Processes for validating and improving data quality prior to publication often require either separate tools or manual intervention. Besides consuming extra time and resources, these approaches can be difficult if not impossible when working with large datasets—or publishing data in languages other than English.
In this project, SiB Colombia (in Spanish, the Colombian Biodiversity Information System) has worked with the U.S.-based collections collaboration VertNet to translate the interface and documentation for the Darwin Core Data Migrator Toolkit.
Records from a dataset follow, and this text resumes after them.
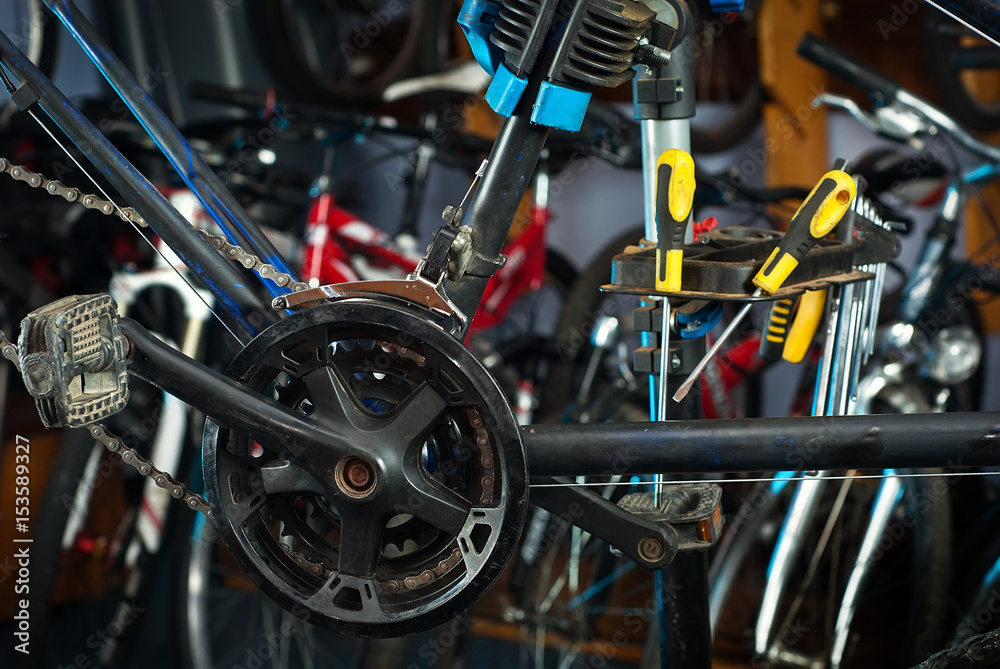 Fototapeta premium Master bike repairs in the workshop 4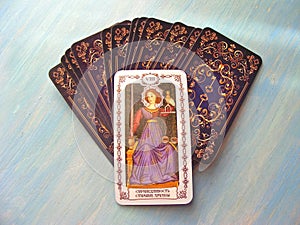 Tarot cards medieval close up with russian title Justice, Adjustment Tarot Decks on blue wooden background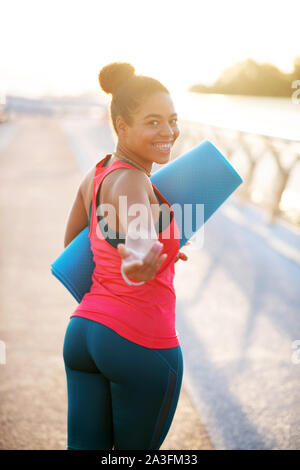 Plump woman working on weight loss walking to yoga Stock Photo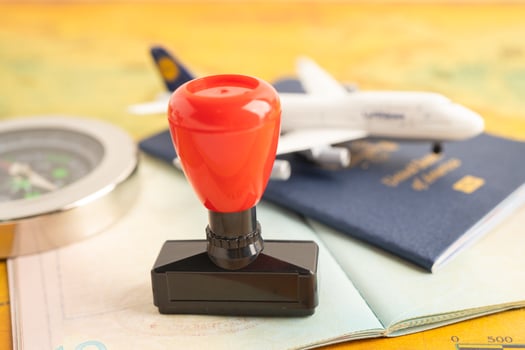 Approved Stamp visa and passport document to immigration at airport in country. photo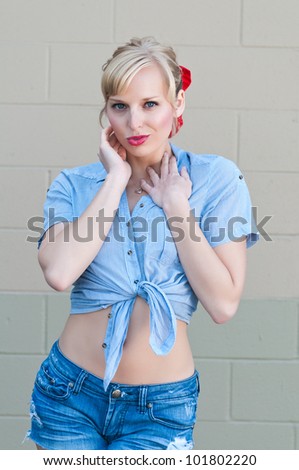 Blue eyed blonde in a check shirt and denim shorts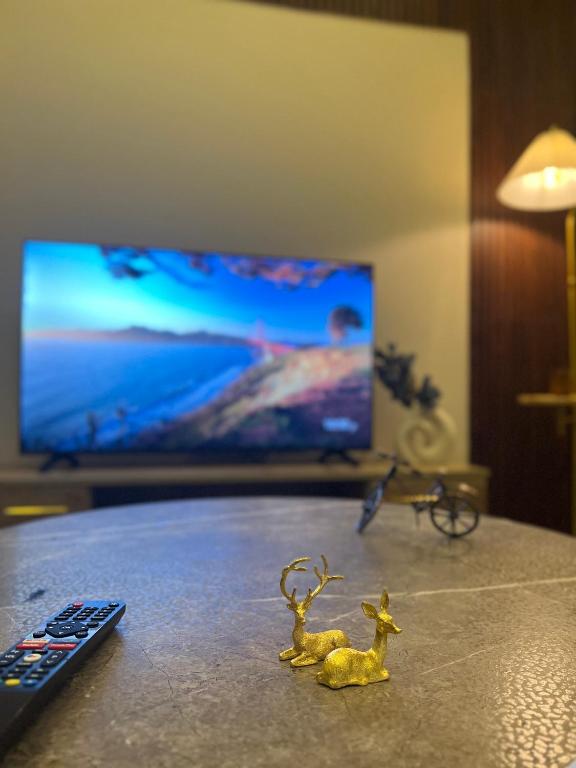 a toy deer sitting on a table next to a remote control at Your first comfortable residence in Riyadh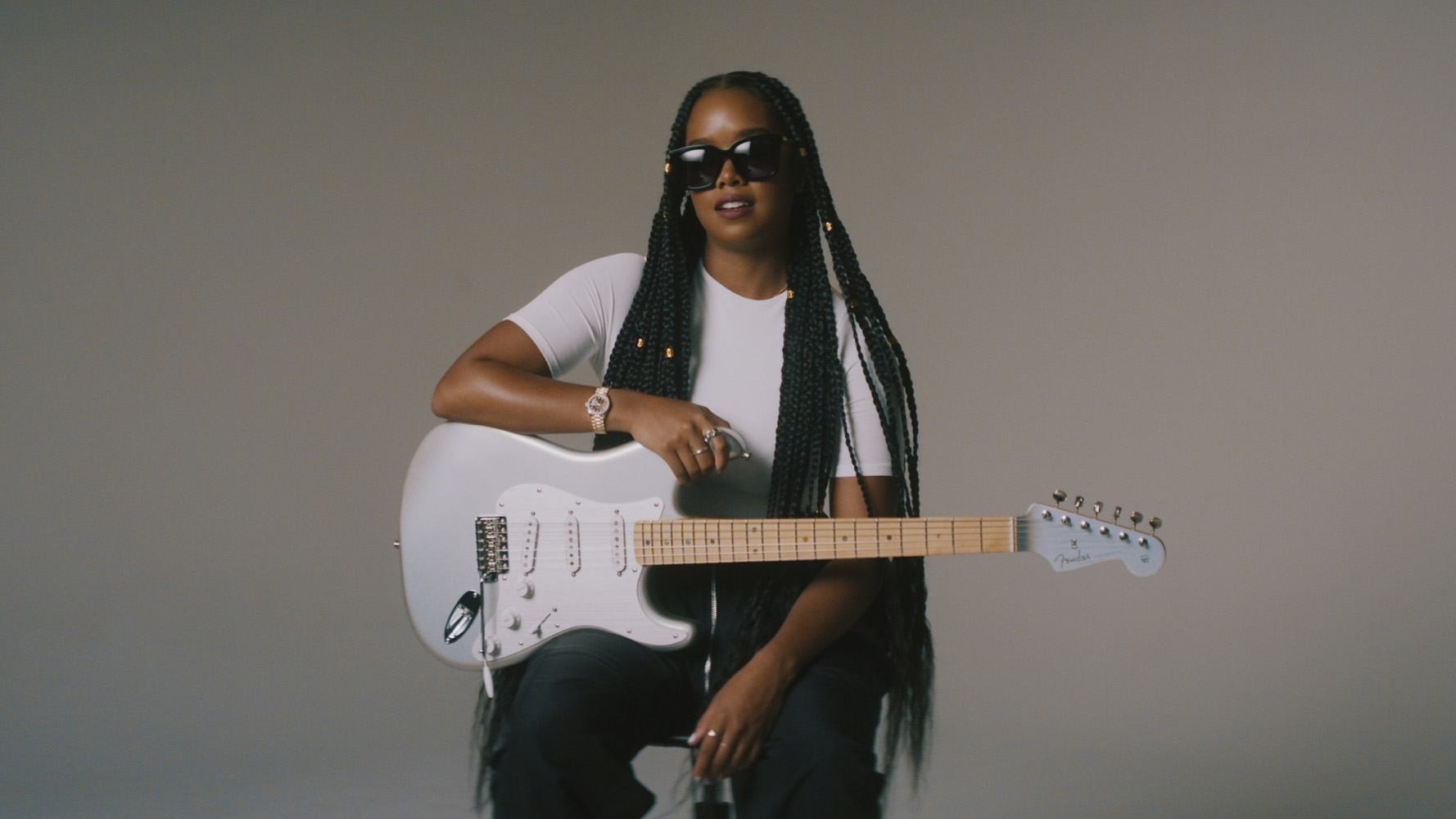H.E.R. Makes History as First Black Female Artist to Have Fender Artist Signature Guitar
The collaboration between these two GBIF Participants has resulted in a version of the tool that fills an important technical gap for the numerous Spanish-speaking staff across the GBIF community.
By generating automatic data quality check and improvement reports on datasets, the Darwin Core Data Migrator Toolkit reflects VertNet's long-standing experience in developing and automating routines to monitor and improve data quality. The team also hopes that the project can act as the pilot for future cooperation between stakeholders elsewhere around the world interested in procedures for improving biodiversity data quality early and often.
The project was developed in two phases. During the first phase, a 5-day training workshop was held, providing partners with training in the use of VertNet's Data Migrator Toolkit within the SiB Colombia data sharing workflow. Alongside this, enhancements to the toolkit have been performed and documents have been translated into Spanish for its broader use by the Spanish-speaking community. Currently, the tool has been tested by SiB Colombia staff on a dataset from the fish collection of the Humboldt Institute, and the anticipated feedback will help to develop this in the near future.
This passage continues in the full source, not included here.